The Dark Side of WebAssembly

Carlos Ávila    8 October, 2020
The Dard Side of WebAssembly

Nowadays, the technologies for developing software for webs are multiplying rapidly, while introducing, in some cases, new ways of attack or unexpected advantages for attackers. Let’s see what WebAssembly (WASM) is and what potential benefits can have for attackers.

This relatively new open standard (announced in 2015 but started to be used in 2017) allows us to execute binary code, compiled with languages such as C, C++ or Rust in modern web browsers, with all the new functionalities and performance that it can involve.

General architecture of WebAssembly Application
General architecture of WebAssembly Application

WASM was not created as a replacement for JavaScript, but to complement it. In fact, it is the JavaScript engine that runs it. This standard enjoys multiple use cases, as indicated in its website: development/execution of games, CAD applications, simulation platforms, intelligent contracts (blockchain), among others. If you want to have a look at how they run a binary of a game in WASM you can visit this website that emulates the famous Gameboy or how AutoCAD starts running from any browser.

Just as new technologies and programming languages offer multiple improvements, it is a matter of time before attackers find the attack vectors and use them to their advantage, and WebAssembly applications are no exception. Let’s see, through the example below, how a simple malicious code could be compiled to simulate a social engineering cyberattack.

Example of WASM compilation and execution (PoC Fraude)

This type of simulated attack is known as a “tech support scam,” where a scammer impersonates a technician from a technology company using intimidation tactics and social engineering to trick people into paying for unnecessary support services. When the victim calls the tech support number, the scammers ask for money to fix the problem or request access to install malware (backdoor) on the victim’s device.
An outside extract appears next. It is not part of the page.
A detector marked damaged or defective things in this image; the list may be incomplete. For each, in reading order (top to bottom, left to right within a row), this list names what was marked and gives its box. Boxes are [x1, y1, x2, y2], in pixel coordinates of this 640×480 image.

This Twitter Thread by Sergio de los Santos is a good example of the sophistication achieved.

Technical Service Scam Case

In these cases, the benefit for the attacker would be the obfuscation of the code at the time of the analysis, more speed, etc. In fact, compiled WASM code has already been used for bitcoin mining campaigns by infecting browsers with malicious code on compromised sites. Among the best-known cases are Coinhive and  Cryptonight. Both attacks (using WASM-generated JavaScript) exploited the computational power to “mine” cryptocurrencies through the browser. In general, when we browse the Internet, we can find sites that have been compromised by scammers commonly with pure JavaScript or WASM code, and from here, if our browsers do not have adequate controls, the attack can be consummated.
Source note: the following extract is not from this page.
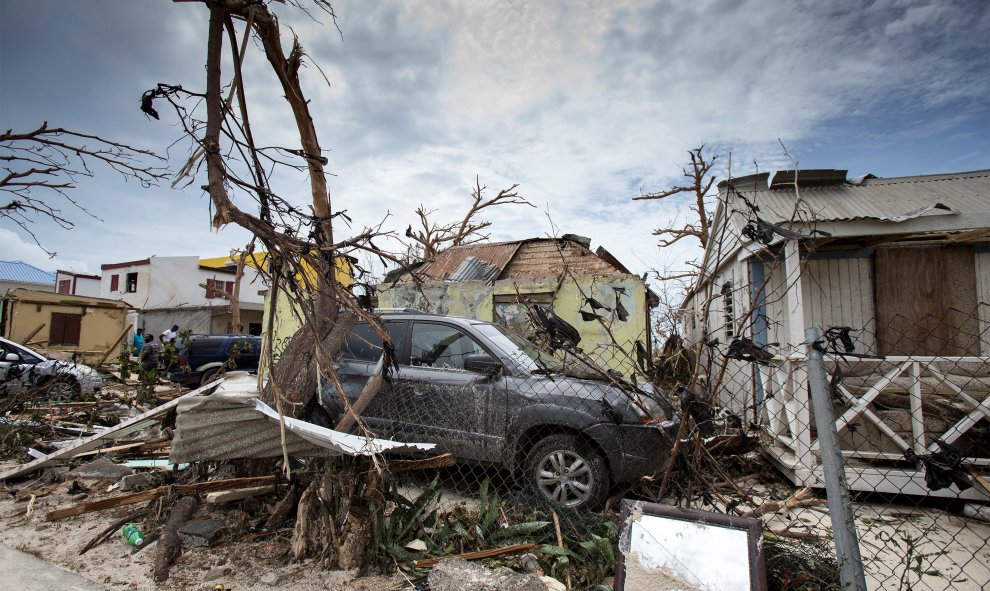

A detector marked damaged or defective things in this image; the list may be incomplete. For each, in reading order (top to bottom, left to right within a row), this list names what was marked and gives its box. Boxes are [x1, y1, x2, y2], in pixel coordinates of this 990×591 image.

torn roofing material [170, 372, 434, 464]
damaged suv [314, 310, 680, 508]
damaged house [380, 237, 660, 372]
damaged house [684, 169, 990, 502]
If WebAssembly is being used to support cryptoattacks, attackers may continue to profit from other fronts. Other formulas for the malicious use of WASM are the following:

  • Redirection to malicious URLs: there are campaigns to infect devices by means of malicious redirects (via WebAssembly code) from compromised sites to the same technical support scams, mining of cryptocurrencies, etc.
  • Keyloggers, record keystrokes to steal passwords and other confidential information from visitors to compromised websites, taking advantage of the fact that WebAssembly is generating code that evades typical detections by external controls or browsers.
  • Browser Exploitation: Exploiting vulnerabilities in the browser almost always involves JavaScript. Therefore, WebAssembly can play an important role in exploiting the browser by obfuscating the exploitation code.
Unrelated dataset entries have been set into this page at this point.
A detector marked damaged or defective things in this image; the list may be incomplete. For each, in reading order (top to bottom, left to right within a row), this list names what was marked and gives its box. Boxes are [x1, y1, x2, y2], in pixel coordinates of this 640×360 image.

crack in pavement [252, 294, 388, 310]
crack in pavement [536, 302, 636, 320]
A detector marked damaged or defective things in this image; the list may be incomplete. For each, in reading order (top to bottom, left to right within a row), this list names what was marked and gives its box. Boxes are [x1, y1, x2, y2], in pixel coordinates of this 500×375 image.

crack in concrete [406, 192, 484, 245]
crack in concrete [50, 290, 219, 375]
Technologies offer many possibilities, WebAssembly is no exception and could be an ally or an enemy. It is very clear that it has many advantages but can provide new ways to exploit weaknesses in different cases. While developers strive to integrate security features, we as users, must be cautious, having updated, for example, our browsers with plug-ins that block dynamic execution of JavaScript, such as NoScript. ElevenPaths have contributed with tools such as AMSIext to avoid unwanted executions in browsers.